The Blanket
Today I bought a blanket. I saw it when I walked into the store, hanging with other throw blankets. It was cream and blue and brown, in a mod circle pattern. The first thing that hit me was that it was something I would have bought for Devin’s room – it would have matched perfectly. My step faltered with the thought, but I turned and headed straight towards it, instead of angling away. It was so soft when I touched it… so perfect for a baby. That sealed the deal. I bought it.
I took a nap with it today. And at night when I rolled into Den’s arms for our nighttime snuggle I pulled it with me, clutched tight under my arm.
I told Den that it was the kind of throw blanket I would use to put down for a baby to play on… for Devin to play on. I paused and grabbed Sheepie, and sat him on the blanket.
There’s still sitting there, Sheepie and the blanket, between my husband and me on the bed. I look over, touch the soft blanket, and smile. He would have liked that blanket.
I really admire people like you and C. who can go ahead and make these purchases.
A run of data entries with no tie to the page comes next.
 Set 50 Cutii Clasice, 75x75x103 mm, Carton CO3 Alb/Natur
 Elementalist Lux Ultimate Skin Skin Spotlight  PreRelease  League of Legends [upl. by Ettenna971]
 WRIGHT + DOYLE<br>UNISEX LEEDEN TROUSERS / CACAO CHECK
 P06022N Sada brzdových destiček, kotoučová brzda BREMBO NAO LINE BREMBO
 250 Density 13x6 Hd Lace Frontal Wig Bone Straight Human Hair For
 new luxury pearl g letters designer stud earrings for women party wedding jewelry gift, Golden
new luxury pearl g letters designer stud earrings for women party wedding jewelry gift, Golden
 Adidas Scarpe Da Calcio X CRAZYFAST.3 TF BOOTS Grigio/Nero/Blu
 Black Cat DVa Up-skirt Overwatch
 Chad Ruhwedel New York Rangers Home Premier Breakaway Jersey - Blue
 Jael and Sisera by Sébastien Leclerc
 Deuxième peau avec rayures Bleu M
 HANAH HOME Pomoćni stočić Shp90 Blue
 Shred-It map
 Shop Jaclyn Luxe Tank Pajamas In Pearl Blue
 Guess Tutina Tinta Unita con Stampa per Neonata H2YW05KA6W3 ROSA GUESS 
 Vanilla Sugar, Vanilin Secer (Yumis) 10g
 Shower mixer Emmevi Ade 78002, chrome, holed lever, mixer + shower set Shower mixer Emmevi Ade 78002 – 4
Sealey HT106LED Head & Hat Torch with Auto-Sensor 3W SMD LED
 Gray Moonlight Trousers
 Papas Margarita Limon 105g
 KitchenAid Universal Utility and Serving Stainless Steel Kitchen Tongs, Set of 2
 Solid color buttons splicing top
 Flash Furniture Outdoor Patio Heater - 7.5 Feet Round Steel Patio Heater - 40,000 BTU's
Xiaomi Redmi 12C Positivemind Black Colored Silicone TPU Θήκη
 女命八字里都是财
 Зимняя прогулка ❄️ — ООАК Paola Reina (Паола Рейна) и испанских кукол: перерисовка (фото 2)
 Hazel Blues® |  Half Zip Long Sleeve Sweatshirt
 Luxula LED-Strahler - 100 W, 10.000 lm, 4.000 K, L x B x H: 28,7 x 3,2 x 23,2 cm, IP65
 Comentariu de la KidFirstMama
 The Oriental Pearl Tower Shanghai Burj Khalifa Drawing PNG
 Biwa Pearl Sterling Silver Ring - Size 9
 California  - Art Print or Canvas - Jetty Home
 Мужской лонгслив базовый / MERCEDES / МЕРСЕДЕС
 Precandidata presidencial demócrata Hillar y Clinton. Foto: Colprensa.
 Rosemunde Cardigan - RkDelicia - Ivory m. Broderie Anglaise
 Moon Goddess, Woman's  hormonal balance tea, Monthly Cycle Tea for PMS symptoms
I just shut down and don’t even look or think. Good for you, I say, good for you.
i had a little dog for my son. got it him when we found out we were pg w/ twins. one for each boy. c still has his. loves it. d would have loved it too. i used to put it in his crib. it sat right where he was supposed to be. so quiet and so still. his blanket is MY lovie now. it is soft w/ dragon files on it. i hold it everynight and it’s been almost 2 years and 2 babies ago. doesn’t matter. it’s his.
like tash said good for you for getting that blanket. devin’s blanket. he will share it with his bro/sis.
Yes, it’s amazing how things like that can connect us to our lost children. Good to have those things around the house. Took me a while to realize that.